Als Du an mich schriebst, am Montag, war ich nicht mehr im Zug, sondern
bei Brods, vielleicht wurde gerade Dein Name genannt, und ich verfiel in
Stillschweigen und in Gedanken an Dich.
Die Reise ist noch leidlich abgelaufen. Es widerte mich zuerst so an, in
gleicherweise wie letzthin um ½5 früh aufzustehn, dann mit
der Bahn, dann mit dem Wagen in Nässe und Kälte und Trostlosigkeit
zu fahren, dann zu den Verwandten, dann zu Gericht zu gehn, dann die gleiche
stumme Eisenbahnfahrt nachhause auszuführen - dass ich entschlossen
war, abends zu fahren und in Leitmeritz zu übernachten, wodurch ich
auch auf meine Erkältung, die nun schon gänzlich vorüber
ist, Rücksicht genommen hätte.

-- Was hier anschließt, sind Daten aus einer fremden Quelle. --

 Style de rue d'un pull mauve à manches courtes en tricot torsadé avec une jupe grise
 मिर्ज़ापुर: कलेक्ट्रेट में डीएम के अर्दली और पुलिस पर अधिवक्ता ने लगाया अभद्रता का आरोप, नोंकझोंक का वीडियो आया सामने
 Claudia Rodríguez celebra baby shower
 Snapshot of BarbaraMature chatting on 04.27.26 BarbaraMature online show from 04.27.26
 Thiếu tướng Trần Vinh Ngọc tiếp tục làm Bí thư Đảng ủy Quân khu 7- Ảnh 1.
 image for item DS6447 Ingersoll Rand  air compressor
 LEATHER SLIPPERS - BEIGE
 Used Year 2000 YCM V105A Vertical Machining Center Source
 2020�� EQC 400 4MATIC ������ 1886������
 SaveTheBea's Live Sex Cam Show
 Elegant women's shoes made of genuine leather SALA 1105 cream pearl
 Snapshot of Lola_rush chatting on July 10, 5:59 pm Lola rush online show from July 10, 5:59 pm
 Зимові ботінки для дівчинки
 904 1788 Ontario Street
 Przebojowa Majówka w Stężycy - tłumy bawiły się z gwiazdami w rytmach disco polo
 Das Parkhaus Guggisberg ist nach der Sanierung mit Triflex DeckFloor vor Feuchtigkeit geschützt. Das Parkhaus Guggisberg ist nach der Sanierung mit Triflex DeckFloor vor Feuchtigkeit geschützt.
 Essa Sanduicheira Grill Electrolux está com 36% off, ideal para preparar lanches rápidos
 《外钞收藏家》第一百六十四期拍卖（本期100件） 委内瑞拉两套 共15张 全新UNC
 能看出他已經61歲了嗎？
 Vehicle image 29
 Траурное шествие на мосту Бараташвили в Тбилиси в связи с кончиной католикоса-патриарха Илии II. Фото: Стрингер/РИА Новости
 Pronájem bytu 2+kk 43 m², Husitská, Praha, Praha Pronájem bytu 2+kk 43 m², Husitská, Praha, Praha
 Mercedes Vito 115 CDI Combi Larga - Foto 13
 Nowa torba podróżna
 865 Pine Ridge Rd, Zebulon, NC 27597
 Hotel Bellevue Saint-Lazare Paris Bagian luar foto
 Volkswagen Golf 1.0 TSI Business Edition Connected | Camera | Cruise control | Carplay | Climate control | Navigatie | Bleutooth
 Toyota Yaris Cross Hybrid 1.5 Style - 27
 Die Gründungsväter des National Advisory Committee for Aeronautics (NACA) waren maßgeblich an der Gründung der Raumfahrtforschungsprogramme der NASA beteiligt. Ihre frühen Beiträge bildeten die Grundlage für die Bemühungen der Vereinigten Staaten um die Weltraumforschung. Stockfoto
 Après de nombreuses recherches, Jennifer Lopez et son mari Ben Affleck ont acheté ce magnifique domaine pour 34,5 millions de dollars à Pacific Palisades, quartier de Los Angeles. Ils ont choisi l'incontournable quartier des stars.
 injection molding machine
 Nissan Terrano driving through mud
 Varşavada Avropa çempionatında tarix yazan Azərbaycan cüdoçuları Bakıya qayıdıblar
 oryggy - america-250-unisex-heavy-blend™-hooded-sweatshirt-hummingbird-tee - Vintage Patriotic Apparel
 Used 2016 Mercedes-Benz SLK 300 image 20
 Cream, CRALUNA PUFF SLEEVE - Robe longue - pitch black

Und dann im Hotelzimmer schlafen,
in der am Sonntag abend überfüllten fremden Restauration sitzen
- das tut mir ganz gut, dort bin ich gerne stumm. Nun zog mich aber an
jenem Abend die Familie Weltsch unversehens und mit Gewalt
ins Theater mit, wo in "Frl. Josette - meine Frau" eine gemeinsame
Bekannte zum erstenmal spielte, natürlich in der nebensächlichsten
Rolle, sie hat nur in der ersten Szene plötzlich aufzulachen, entzückt
zu sein und die Arme zu verrenken, was sie, den Rücken meist dem Publikum
zugewendet, knapp an der Zimmerwandkulisse in etwas übertriebener
Weise machte, trotzdem sie sonst ein stolzes, boshaftes, geriebenes, sehr
gescheites Frauenzimmer ist, vor dem ich immer Angst habe. Es war ein wenig
rücksichtslos, sie in einer solchen Rolle zum erstenmal auf die Bühne
zu schicken.
Nach dem zweiten Akt des Stückes - es gibt natürlich auch in
dem schlechtesten Stück Stellen, an denen man menschlich hängen
bleibt, und ich hätte es vielleicht an einem andern Tage bis zum Ende
ausgehalten - half keine Überredung mehr und ich lief ohne Abschied
zu nehmen nachhause, wodurch ich zwar auf 1 oder 2 Akte Josette und auf
einen Schwank "In Civil" verzichtete, dafür aber früher
an die Luft und früher ins Bett kam. Zuhause verfluchte ich meiner
Schwester gegenüber nochmals kräftig diese Reise, und da sie
große Lust mitzufahren hatte (nicht nur, um mir dadurch zu beweisen,
dass die Reise nicht so schrecklich wäre), versprach ich ihr
gern, sie mitzunehmen. Der Vater hatte, trotzdem dieser Entschluß
erst um ½11 abends gefaßt wurde überraschender Weise
nichts dagegen einzuwenden, was sich nur dadurch erklären läßt,
dass wir in Leitmeritz Verwandte haben und dem Vater an der Erhaltung
verwandtschaftlicher Beziehungen immer sehr gelegen ist und ihm für
solche Zwecke meine Schwester geeigneter erscheint als ich. So sind wir
also am Morgen zusammen weggefahren, da war das Wetter noch gut, aber schon
während der Wagenfahrt regnete es uns ins Gesicht und hörte dann
zu regnen nicht auf. Ich war bis 2 Uhr ununterbrochen bei Gericht (es kam
zu keiner Entscheidung, die Sache mußte wieder vertagt werden, aber
ich lasse mich lieber prügeln, ehe ich wieder herausfahre), die Schwester
ununterbrochen bei den Verwandten. Sie ist ein wenig schwerfällig
im Schreiben (im Grunde nicht anders als ich), darum schrieb sie nur ihren
Namen. Aber eine Faulenzerin ist sie nicht wie Du glaubst; Faulenzerinnen
waren nur meine beiden andern Schwestern oder vielmehr eigentlich nur die
älteste. Die konnte man immer auf dem nächsten Kanapee antreffen.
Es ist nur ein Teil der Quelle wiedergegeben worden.